We don’t see this phenomenon in the NFC for two reasons. The first is volume. Eighteen teams selected a first-round quarterback in the last six drafts—and only six of those teams were from the NFC. Twice as many top-five picks have been spent on quarterbacks by the AFC than the NFC. While the AFC has shown urgency at the position, NFC teams have been content to sit with the playoff quarterbacks they stumbled upon outside the first round—Jalen Hurts, Kirk Cousins, Dak Prescott—and the upper class of veterans who had enjoyed long tenures playing in a conference not plagued by Brady—Matt Ryan, Drew Brees, Russell Wilson (the latter two of whom were not first-round picks either).

If the first reason is pure trying, the second is actual success. The eight first-round quarterbacks selected by the NFC in the past six years are listed here:

NFC First-Round QBs Since 2017

Year Round Pick Name Team
Year Round Pick Name Team
2021 1 3 Trey Lance 49ers
2021 1 11 Justin Fields Bears
2020 1 26 Jordan Love Packers
2019 1 1 Kyler Murray Cardinals
2019 1 6 Daniel Jones Giants
2019 1 15 Dwayne Haskins Washington
2018 1 10 Josh Rosen Cardinals
2017 1 2 Mitchell Trubisky Bears

You’ll immediately notice the issue: This isn’t a list of great quarterbacks. Mitchell Trubisky and Kyler Murray are the only ones to have started a playoff game; Daniel Jones is about to become the third. Lance’s 49ers are in the playoffs, but he isn’t playing; Jordan Love’s Packers have been to the playoffs, but he didn’t play, either. Even if you expand the window to include the 2016 draft (Jared Goff and Carson Wentz) and 2015 draft (Jameis Winston), you find three players who are no longer on the teams that drafted them.

That the NFC has been less lucky in drafting rookie quarterbacks is almost certainly the result of randomness. Evaluating college quarterbacks is hard, after all.

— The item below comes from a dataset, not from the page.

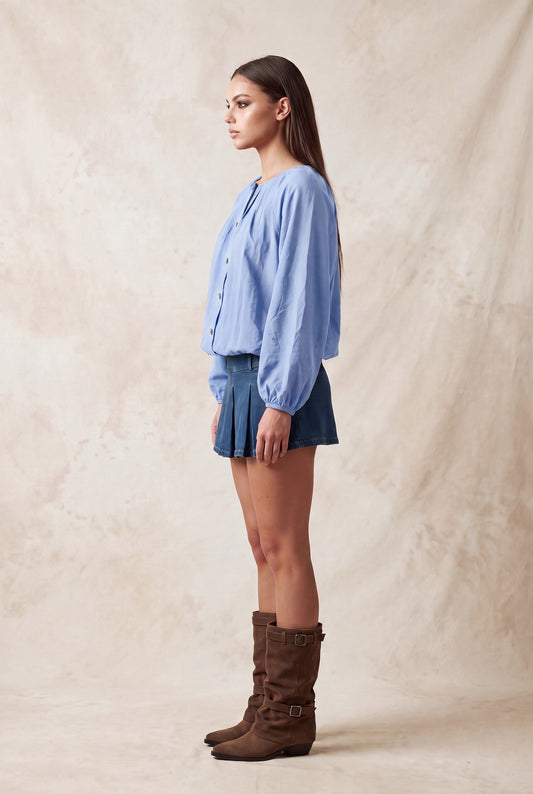 Blusa Fluida con Mangas Abullonadas - Azul claro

But as a conference, it is important to note how few swings at the plate the NFC has had relative to the AFC. Here is the same list, but for the AFC.

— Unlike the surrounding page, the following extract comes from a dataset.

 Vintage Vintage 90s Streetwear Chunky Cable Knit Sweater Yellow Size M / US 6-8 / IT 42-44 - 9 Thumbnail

AFC First-Round QBs Since 2017

Year Round Pick Name Team
Year Round Pick Name Team
2022 1 20 Kenny Pickett Steelers
2021 1 1 Trevor Lawrence Jaguars
2021 1 2 Zach Wilson Jets
2021 1 15 Mac Jones Patriots
2020 1 1 Joe Burrow Bengals
2020 1 5 Tua Tagovailoa Dolphins
2020 1 6 Justin Herbert Chargers
2018 1 1 Baker Mayfield Browns
2018 1 3 Sam Darnold Jets
2018 1 7 Josh Allen Bills
2018 1 32 Lamar Jackson Ravens
2017 1 10 Patrick Mahomes Chiefs
2017 1 12 Deshaun Watson Texans
DraftHistory.com

Remember: This isn’t a story about Brady and his Patriots. It’s a story about the Jets and the Dolphins and the Bills—about the teams stuck under his thumb that finally got out. Those three teams serve as perfect examples of how the post-Brady AFC has emerged. At the bottom of the pile are the Jets, almost a playoff team but not quite, simply because they’ve taken two recent cracks at drafting a quarterback early and missed on both swings. Next up are the Dolphins, who may have the guy, and are a fringe playoff team accordingly. And finally, there are the Bills, who unquestionably have their guy, and now sit atop the AFC East, finally heralding a new dawn in the division.

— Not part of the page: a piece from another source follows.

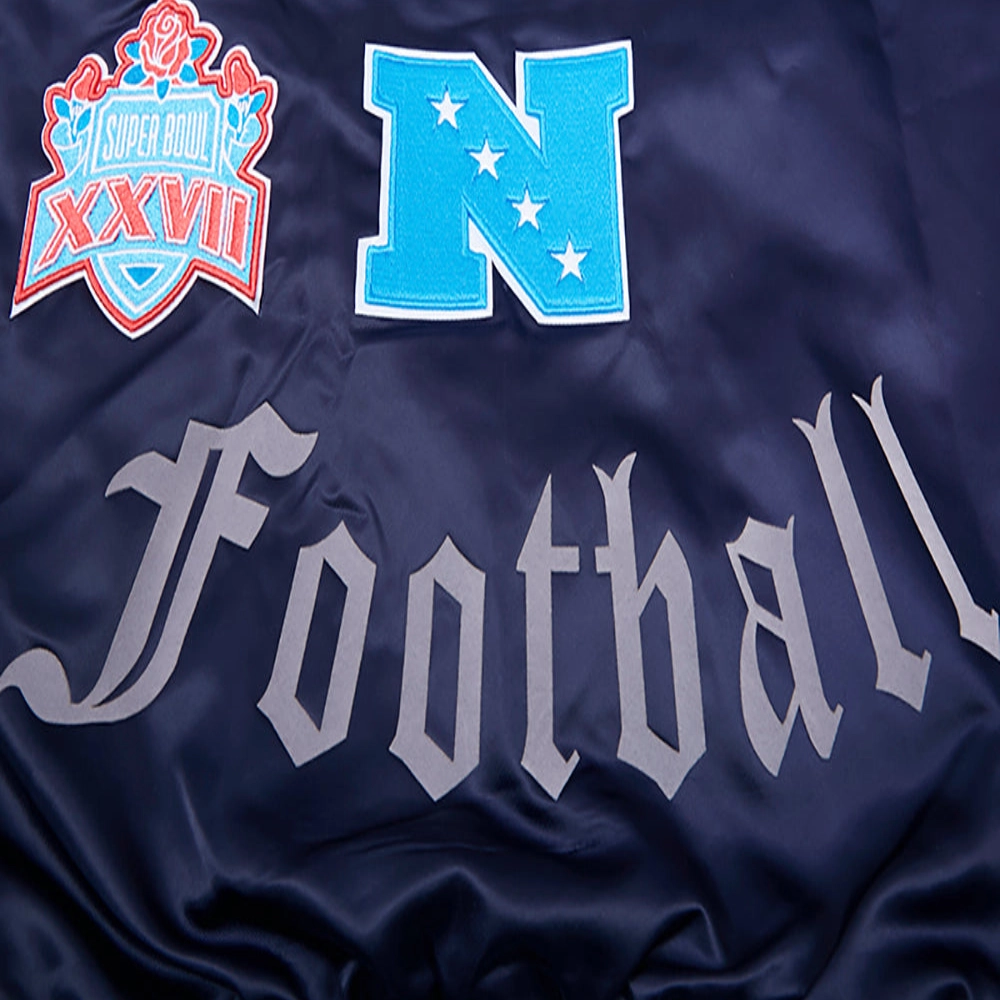 Dallas Cowboys Old English Full-Snap Satin Navy Varsity Jacket - Image 6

But that list is more than just a collection of efforts, failed and successful, to build a contending team around a rookie quarterback. It’s the future of the league. Mahomes has the best chance of anyone at establishing a Brady-esque run of conference dominance—he’s made it to at least the AFC championship game in each of the past three seasons. He is surrounded by contenders: Josh Allen, the Bills’ great risk, the most successful project quarterback ever selected; Lamar Jackson, the best dual-threat quarterback since Michael Vick; Justin Herbert, the intradivisional thorn in Mahomes’s side that Brady never had to endure; and Burrow, who has had Mahomes’s number each time they’ve played in the last two seasons. And what about the golden child Trevor Lawrence? Or the offense built for Tua Tagovailoa in Miami?

Make no mistake about it: The AFC geared up for this, exactly this. And now we have a playoff field full of young, star quarterbacks, selected in droves after the departure of Brady and the rest of his generation. This was the arms race, the mad dash for greatness once the ubiquitous yoke of the all-time greatest was finally lifted. Brady is gone, and the AFC crown is up for grabs. All that’s left is to crown another champion and add another name to a new list—a list that hopefully looks nothing like the first, but instead reflects the quality and intensity of this new era of AFC football.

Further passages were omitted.